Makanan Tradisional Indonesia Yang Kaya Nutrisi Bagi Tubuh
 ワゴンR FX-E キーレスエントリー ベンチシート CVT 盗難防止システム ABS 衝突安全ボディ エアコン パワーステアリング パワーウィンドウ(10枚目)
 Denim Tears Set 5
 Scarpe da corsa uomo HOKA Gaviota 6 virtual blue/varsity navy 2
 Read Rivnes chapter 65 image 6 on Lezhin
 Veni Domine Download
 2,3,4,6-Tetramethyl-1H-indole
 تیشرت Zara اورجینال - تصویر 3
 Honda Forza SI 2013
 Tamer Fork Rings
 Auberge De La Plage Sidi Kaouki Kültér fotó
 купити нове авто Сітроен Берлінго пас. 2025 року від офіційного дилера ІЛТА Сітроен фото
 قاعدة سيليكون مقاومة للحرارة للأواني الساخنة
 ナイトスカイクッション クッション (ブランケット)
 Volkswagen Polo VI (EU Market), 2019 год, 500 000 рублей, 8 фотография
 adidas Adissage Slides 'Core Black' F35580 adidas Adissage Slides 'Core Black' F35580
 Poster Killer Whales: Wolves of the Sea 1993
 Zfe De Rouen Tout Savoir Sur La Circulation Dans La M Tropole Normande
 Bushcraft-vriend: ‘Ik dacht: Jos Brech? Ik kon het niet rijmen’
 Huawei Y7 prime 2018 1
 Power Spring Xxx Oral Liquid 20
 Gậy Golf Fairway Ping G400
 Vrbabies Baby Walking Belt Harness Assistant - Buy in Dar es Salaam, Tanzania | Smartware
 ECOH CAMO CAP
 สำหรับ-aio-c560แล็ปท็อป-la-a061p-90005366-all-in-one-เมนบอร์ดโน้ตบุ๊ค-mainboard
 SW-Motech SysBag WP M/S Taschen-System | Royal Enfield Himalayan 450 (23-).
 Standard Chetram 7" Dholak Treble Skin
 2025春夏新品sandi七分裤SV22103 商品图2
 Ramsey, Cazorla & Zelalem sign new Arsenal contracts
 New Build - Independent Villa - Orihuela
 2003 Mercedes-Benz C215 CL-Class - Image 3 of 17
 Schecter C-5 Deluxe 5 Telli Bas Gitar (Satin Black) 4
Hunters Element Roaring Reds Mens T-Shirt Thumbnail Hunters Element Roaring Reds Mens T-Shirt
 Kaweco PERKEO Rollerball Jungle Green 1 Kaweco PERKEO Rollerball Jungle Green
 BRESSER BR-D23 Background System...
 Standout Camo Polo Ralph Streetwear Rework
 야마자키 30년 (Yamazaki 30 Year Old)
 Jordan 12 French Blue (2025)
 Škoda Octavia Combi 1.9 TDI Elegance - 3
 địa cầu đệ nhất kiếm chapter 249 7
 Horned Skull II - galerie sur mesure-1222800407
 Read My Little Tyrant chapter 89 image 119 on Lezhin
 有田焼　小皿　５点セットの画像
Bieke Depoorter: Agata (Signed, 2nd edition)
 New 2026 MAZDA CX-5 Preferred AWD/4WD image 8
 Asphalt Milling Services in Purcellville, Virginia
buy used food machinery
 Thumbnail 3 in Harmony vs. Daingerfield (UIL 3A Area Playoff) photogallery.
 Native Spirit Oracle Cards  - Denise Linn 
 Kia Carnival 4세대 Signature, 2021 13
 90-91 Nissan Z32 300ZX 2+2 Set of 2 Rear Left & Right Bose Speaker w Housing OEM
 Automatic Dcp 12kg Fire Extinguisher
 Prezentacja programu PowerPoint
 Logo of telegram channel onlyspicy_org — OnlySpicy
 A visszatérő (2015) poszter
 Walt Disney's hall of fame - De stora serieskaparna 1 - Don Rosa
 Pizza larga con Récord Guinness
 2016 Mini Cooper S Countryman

§ **What is required**
Quote the data above verbatim from its first line to the line that includes "buy used food machinery", with both boundary lines retained.

§ **Response for this exercise**
Makanan Tradisional Indonesia Yang Kaya Nutrisi Bagi Tubuh
 ワゴンR FX-E キーレスエントリー ベンチシート CVT 盗難防止システム ABS 衝突安全ボディ エアコン パワーステアリング パワーウィンドウ(10枚目)
 Denim Tears Set 5
 Scarpe da corsa uomo HOKA Gaviota 6 virtual blue/varsity navy 2
 Read Rivnes chapter 65 image 6 on Lezhin
 Veni Domine Download
 2,3,4,6-Tetramethyl-1H-indole
 تیشرت Zara اورجینال - تصویر 3
 Honda Forza SI 2013
 Tamer Fork Rings
 Auberge De La Plage Sidi Kaouki Kültér fotó
 купити нове авто Сітроен Берлінго пас. 2025 року від офіційного дилера ІЛТА Сітроен фото
 قاعدة سيليكون مقاومة للحرارة للأواني الساخنة
 ナイトスカイクッション クッション (ブランケット)
 Volkswagen Polo VI (EU Market), 2019 год, 500 000 рублей, 8 фотография
 adidas Adissage Slides 'Core Black' F35580 adidas Adissage Slides 'Core Black' F35580
 Poster Killer Whales: Wolves of the Sea 1993
 Zfe De Rouen Tout Savoir Sur La Circulation Dans La M Tropole Normande
 Bushcraft-vriend: ‘Ik dacht: Jos Brech? Ik kon het niet rijmen’
 Huawei Y7 prime 2018 1
 Power Spring Xxx Oral Liquid 20
 Gậy Golf Fairway Ping G400
 Vrbabies Baby Walking Belt Harness Assistant - Buy in Dar es Salaam, Tanzania | Smartware
 ECOH CAMO CAP
 สำหรับ-aio-c560แล็ปท็อป-la-a061p-90005366-all-in-one-เมนบอร์ดโน้ตบุ๊ค-mainboard
 SW-Motech SysBag WP M/S Taschen-System | Royal Enfield Himalayan 450 (23-).
 Standard Chetram 7" Dholak Treble Skin
 2025春夏新品sandi七分裤SV22103 商品图2
 Ramsey, Cazorla & Zelalem sign new Arsenal contracts
 New Build - Independent Villa - Orihuela
 2003 Mercedes-Benz C215 CL-Class - Image 3 of 17
 Schecter C-5 Deluxe 5 Telli Bas Gitar (Satin Black) 4
Hunters Element Roaring Reds Mens T-Shirt Thumbnail Hunters Element Roaring Reds Mens T-Shirt
 Kaweco PERKEO Rollerball Jungle Green 1 Kaweco PERKEO Rollerball Jungle Green
 BRESSER BR-D23 Background System...
 Standout Camo Polo Ralph Streetwear Rework
 야마자키 30년 (Yamazaki 30 Year Old)
 Jordan 12 French Blue (2025)
 Škoda Octavia Combi 1.9 TDI Elegance - 3
 địa cầu đệ nhất kiếm chapter 249 7
 Horned Skull II - galerie sur mesure-1222800407
 Read My Little Tyrant chapter 89 image 119 on Lezhin
 有田焼　小皿　５点セットの画像
Bieke Depoorter: Agata (Signed, 2nd edition)
 New 2026 MAZDA CX-5 Preferred AWD/4WD image 8
 Asphalt Milling Services in Purcellville, Virginia
buy used food machinery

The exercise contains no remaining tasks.